According to the researchers, smoking and the appearance of tobacco products dropped during that period, by 42.3% in youth rated movies and by 85.4% in adult rated movies, while the appearance of alcohol increased.
The scientists credit the decline in movie smoking products to the Master Settlement Agreement (MSA) in 1998, which forced the tobacco industry to reign in some of its marketing tactics and fund anti-smoking advocacy groups, which also curbed the appearance of smoking in films.
The same trend wasn’t true for alcohol. During the study period, alcohol brand product placement went up in youth rated movies from 80 to 145 each year. They write:
In summary, this study found dramatic declines in brand appearances for tobacco after such placements were prohibited by an externally monitored and enforced regulatory structure, even though such activity had already been prohibited in the self-regulatory structure a decade before. During the same period, alcohol brand placements, subject only to self-regulation, increased significantly in movies rated acceptable for youth audiences, a trend that could have implications for teen drinking.

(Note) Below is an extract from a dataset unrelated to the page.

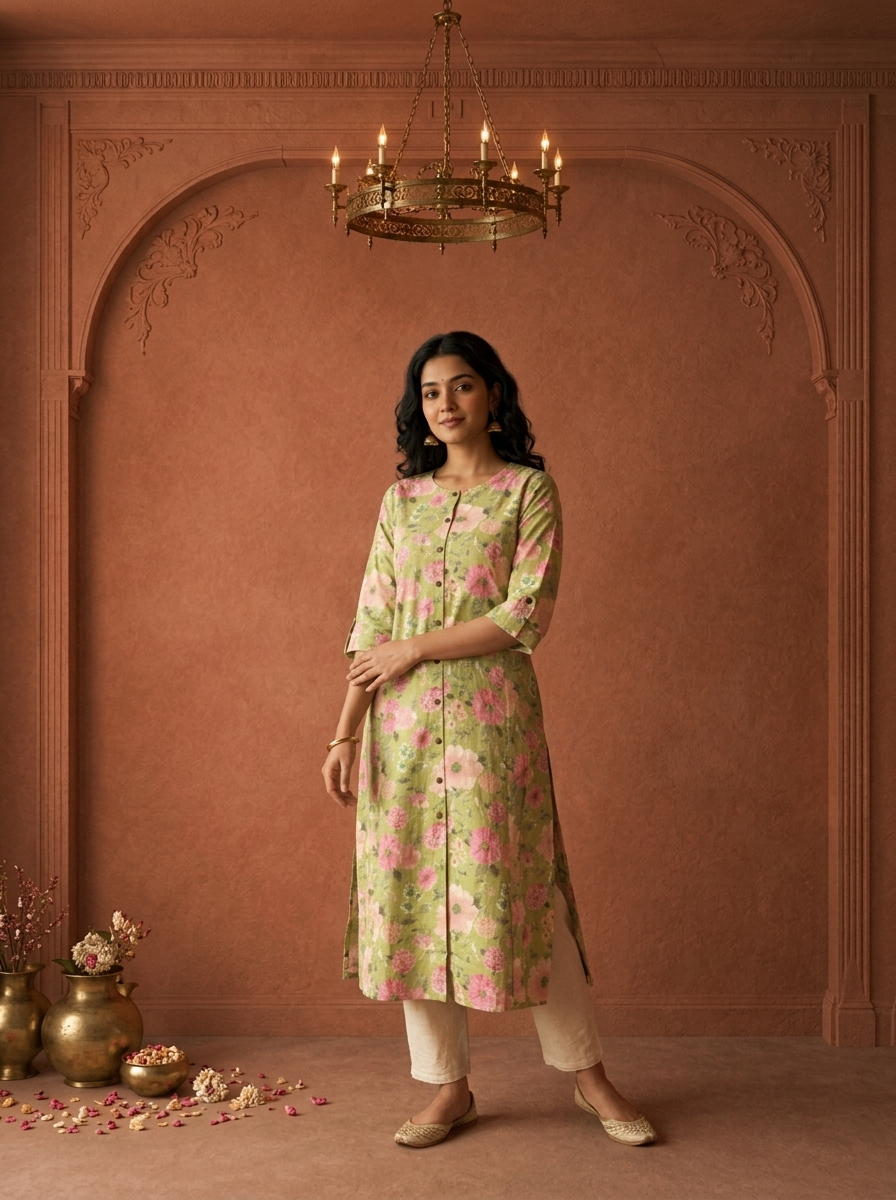 Pista Green Cotton Blossom Printed Kurta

Exactly how these placements influence adolescents’ smoking and drinking isn’t clear yet; the data from studies is conflicting. A 2012 analysis from six European countries reported that teens who saw more boozy movie scenes were more likely to binge drink. The study didn’t confirm that the drinking on screen was directly responsible for the adolescents’ own imbibing habits, however, although the researchers concluded that teens who watched drinking scenes were more likely to imitate what they saw, and considered binge drinking more acceptable.

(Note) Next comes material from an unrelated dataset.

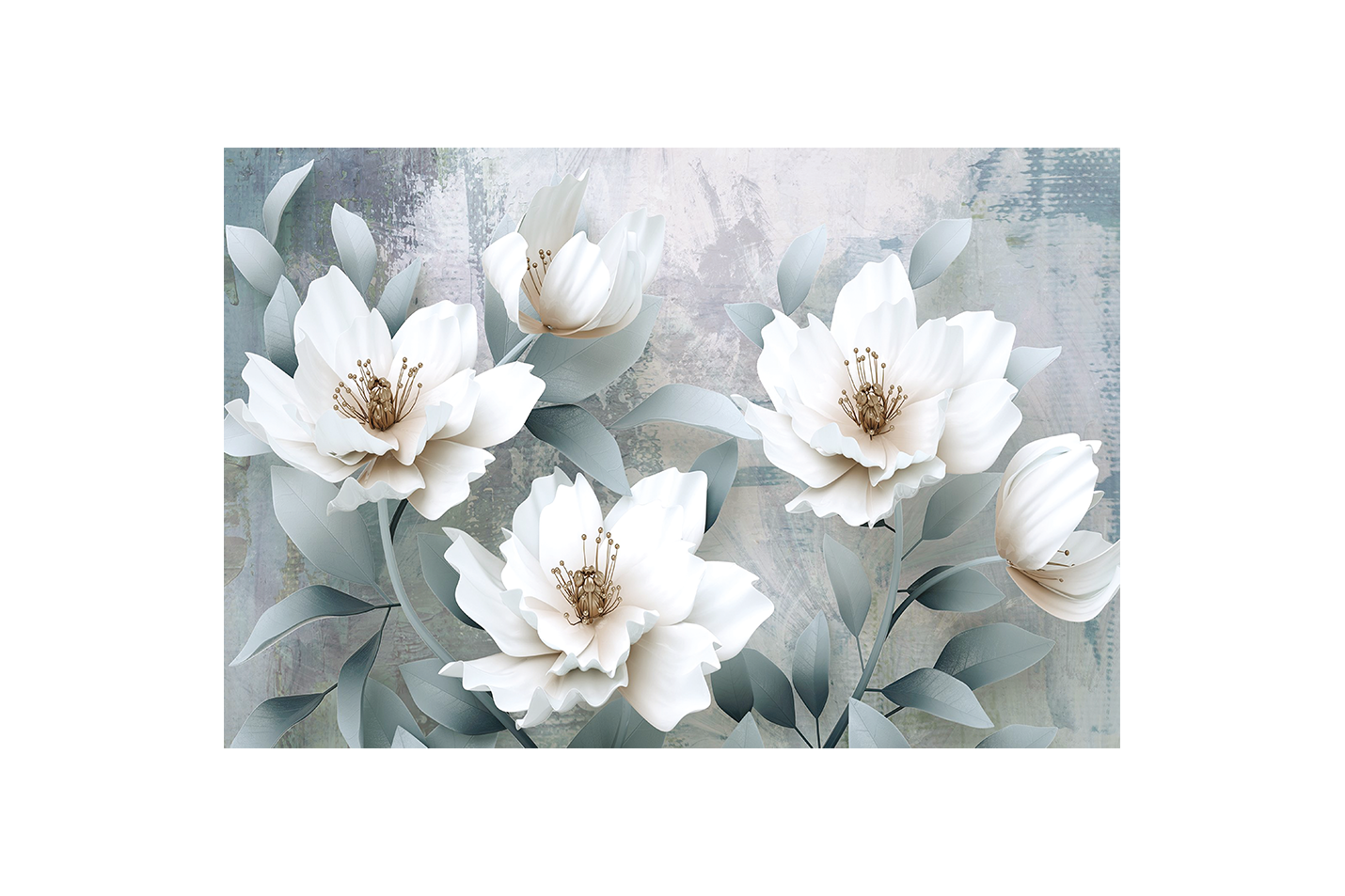 a 3d render of elegant white flowers on a grey textured painterly background, flower motif, art, kanvas tablo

Some experts, however, argue that such studies don’t establish any correlation between what teens see in the movies and their own smoking and drinking habits, since these analyses can’t determine whether these behaviors started before or after watching characters in films.
But if there is an association between the behaviors adolescents see on screen and their own decisions to pick up these habits, such early exposure could be potentially dangerous, since research shows that the earlier youth start drinking, the greater the likelihood for serious drinking problems later in life.
And given the shift in tobacco placements after the MSA, stricter regulation of the currently self-regulated alcohol industry may be needed to decrease drinking on screen. In the meantime, the researchers say that parents who are concerned about the potential negative effects that movie behaviors can have on their teens should watch movies with their children and have conversations about what they see on screen.